I’ve seen so many questions about this technique on the Internet that I had to share what I’ve learned from my experiments.
I prefer vibratory tumblers to rolling tumblers because they’re quieter and work more quickly. Plus, they are less likely to distort the shape of the beads. When my beloved Vibratech tumbler (no longer made) gave out earlier this year, I researched vibratory tumblers and liked what I read about the Raytech brand. You can read more about Raytech tumblers here.
As you probably know, vibratory tumblers can be expensive, but Raytech makes a hobby-sized model that won’t break the bank. I chose the Raytech TV-5 Complete Vibratory Tumbler Kit from erocktumbling.com because they had the best price and it comes with a spare bowl and bolt.
I tumble my baked beads with Bon Ami cleanser and water. I got the idea from a post on Glass Attic. I don’t just finish my beads this way; this is the only sanding they get. Of course, if you have a real bumpy bead, you probably need to whip out the sandpaper, but I’ve found that the Bon Ami tumbling method works on hand-formed beads, extruded beads, beads made with bead rollers and it puts a nice finish on most shapes, including disc and lentil, and carved faux beads. I always drill after I tumble.
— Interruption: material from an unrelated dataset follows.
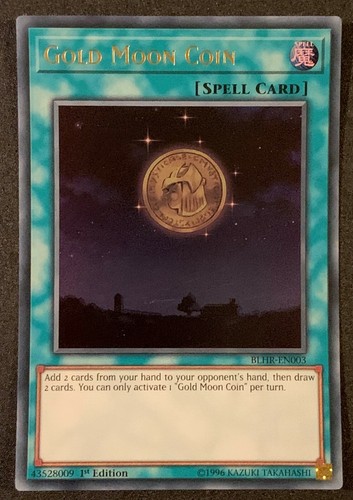 Gold moon coin - moon, |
I wait until I have a bowlful of beads and I put them in the container (which looks like a bunt pan) with about half a can of the cleanser. I pour in enough water to make a slip-like substance that coats the beads. What smooths the beads is the abrasive action of the Bon Ami and the beads vibrating (rolling actually) into one another. If you have too much water, there’s not enough abrasive action. Too little water, and the beads become embedded in cleanser muck and won’t move.
The Raytech TV-5 is low tech. You turn it on and off by plugging and unplugging it. I sit mine on a cement floor in the basement. It has a clear plastic top that screws on with a rubber and metal bolt. It’s important to screw the bolt on tightly for two reasons: First, the tighter it is, the quieter the tumbler runs. Secondly, the water will evaporate more slowly allowing you to leave the tumbler on for 12-24 hours at a stretch.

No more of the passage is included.